Кристофер мычит, кивая. Его руки, сначала нерешительные, потом со всей силой обвивают Хёнджина, прижимают к себе.
— Его мама звонила мне сегодня утром, — проговаривает он в ткань чужой куртки, слова застревают в горле. — Он не отвечает на звонки. Не отвечает никому. Я… я не знал, что ей сказать.
Хёнджин аккуратно отрывается, заглядывая Кристоферу в глаза.
— Пойдём и спросим у него, — предлагает Хёнджин, и его слова повисают в воздухе. — Вместе. Ну?
Кристофер делает глубокий, немного дрожащий вдох, расправляет плечи. Он кивает. Не уверенно, но кивает.
Они входят без стука. Палата залита холодным полуденным светом, падающим из большого окна. На двух койках, стоящих у противоположных стен, лежат два пациента.

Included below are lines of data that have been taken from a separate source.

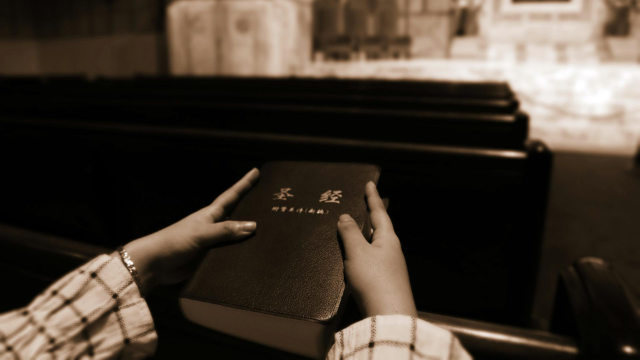 Une croyant tenant une bible, qui est toujours confisquée par la police lors des perquisitions des églises.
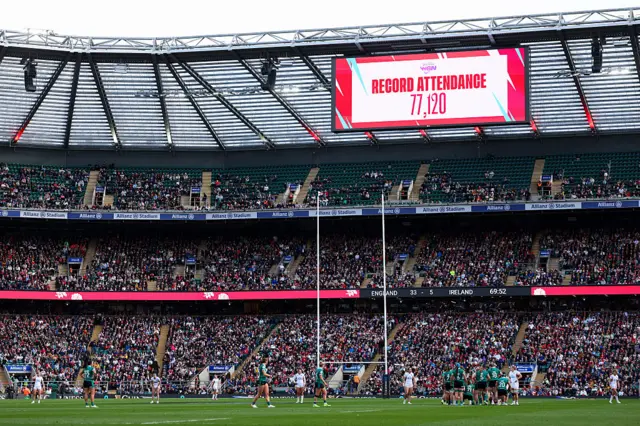 A general view as a LED screen displays the record attendance of 77,120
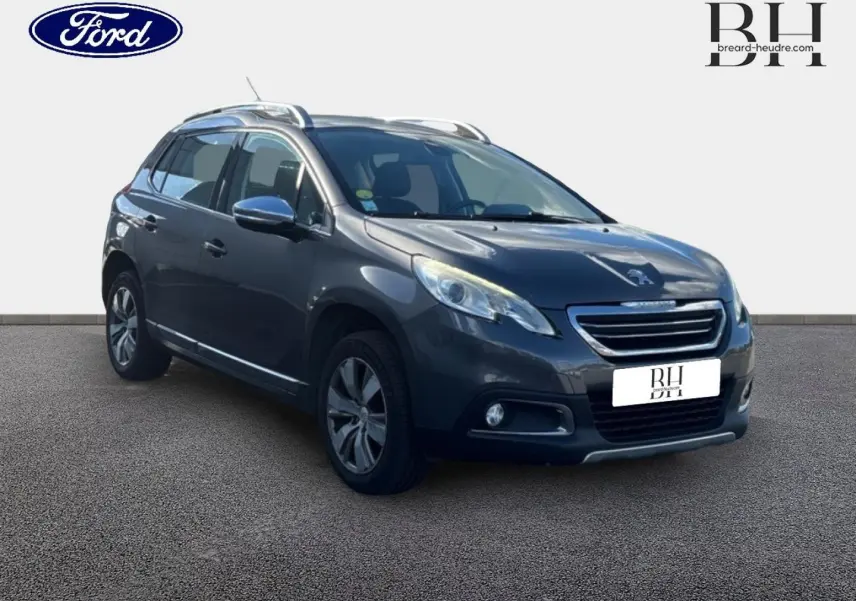 Peugeot 2008 diesel Spirit Grey en 3/4 avant droit, avec barres de toit et jantes alu visibles.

Чонин спит, укрывшись с головой. Из-под одеяла торчат лишь
белые, нелепо пушистые тапочки и прядь чёрных волос. Сыворотка и успокоительное делают своё дело, унося его в мир без сновидений, подальше от кошмаров реальности.
Чанбин же не спит. Он лежит на спине, уставившись в потолок. Его холодный пустой взгляд убивает Кристофера. Руки вытянуты вдоль тела поверх одеяла, расслабленные и безвольные. Грудь медленно поднимается и опускается от необходимости дышать.
Старый Чанбин повернулся бы к ним, озарил бы комнату улыбкой, вскинул бы руки при виде полного пакета и прокомментировал каждую шоколадку.
Этот Чанбин даже не шелохнулся. Даже взгляд его не дрогнул, не соскользнул в сторону двери.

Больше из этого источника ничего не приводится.